At multiple Starbucks locations across different states, managers have threatened transgender workers that they may lose their trans-inclusive health benefits if they unionize. This is only the company’s latest attempt at union busting, where 150 locations have successfully unionized, with more to follow. Since the Starbucks unionization wave crashed onto the scene last year, organizers have filed hundreds of complaints with the NLRB over the company’s union-busting efforts, from firing key organizers and cutting hours to closing stores that announce union campaigns.

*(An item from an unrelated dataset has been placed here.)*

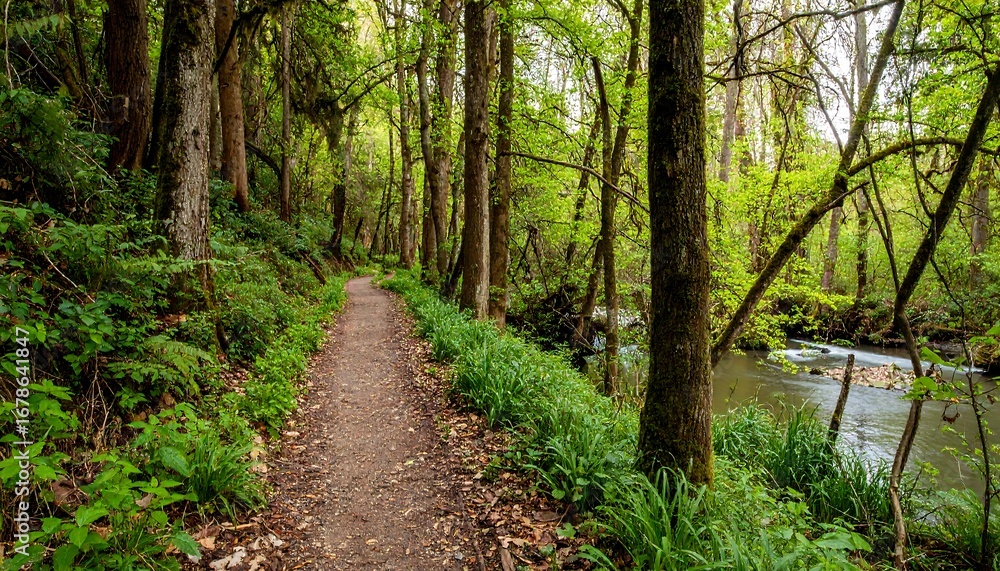 Naklejka premium A tranquil woodland path beside a babbling brook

What makes these threats even more cynical is that they are occurring during Pride month, when companies like Starbucks try to paint themselves as “allies” to the very LGBTQ+ workers whose living conditions they attack. Starbucks Workers United filed a claim with the National Labor Relations Board (NLRB) yesterday detailing these attempts, a few days after billionaire CEO Howard Shultz proclaimed he would never engage with the union. This is nothing but an attempt to divide workers and scare them into voting “no” to unionizing their workplaces.
Workers from Kansas to Oklahoma report that managers have taken them aside to make veiled threats that unions will bargain away provisions for trans-inclusive health benefits. One worker at a Starbucks location in Pittsburgh detailed how her managers held a meeting with her in which they suggested that her plans to get gender-affirming surgery could be derailed if she voted to unionize. A flier posted in stores across the country listed existing benefits such as healthcare in one column, and listed their status in another column as “UNCLEAR” if unionized workers negotiated their own contracts.
The lie, however, is that such benefits are ever safe if they are kept in the hands of the bosses. When the capitalists’ profits are squeezed, workers’ benefits always get put on the chopping block. The truth is that unions organized and led by the rank and file are a powerful tool to strengthen workers’ benefits and protect them when they come under attack.
Much of the unionizing effort at Starbucks is led by young queer and trans workers, who have specifically chosen to work at Starbucks for their trans-inclusive benefits. The company touts these benefits as a way to promote their “progressive” and “inclusive” image, while at the same time cutting workers’ hours so that they cannot meet the 20-hour minimum required to receive said benefits. Organizing Starbucks workers have made expanding trans-inclusive healthcare a key part of their organizing drives.
During this Pride Month, with the onslaught of right-wing attacks on trans people, especially trans youth, it is necessary to stand in solidarity with trans and queer people fighting in their workplaces and in the streets. Central to this is fighting for the right of every worker to form a union and to stand up against every union-busting effort by the bosses, and so that new unions cropping across the country can be points of strength from which rank-and-file workers can fight for their interests and against the attacks by the bosses and the state. We must fight back and reclaim the radical legacy of pride.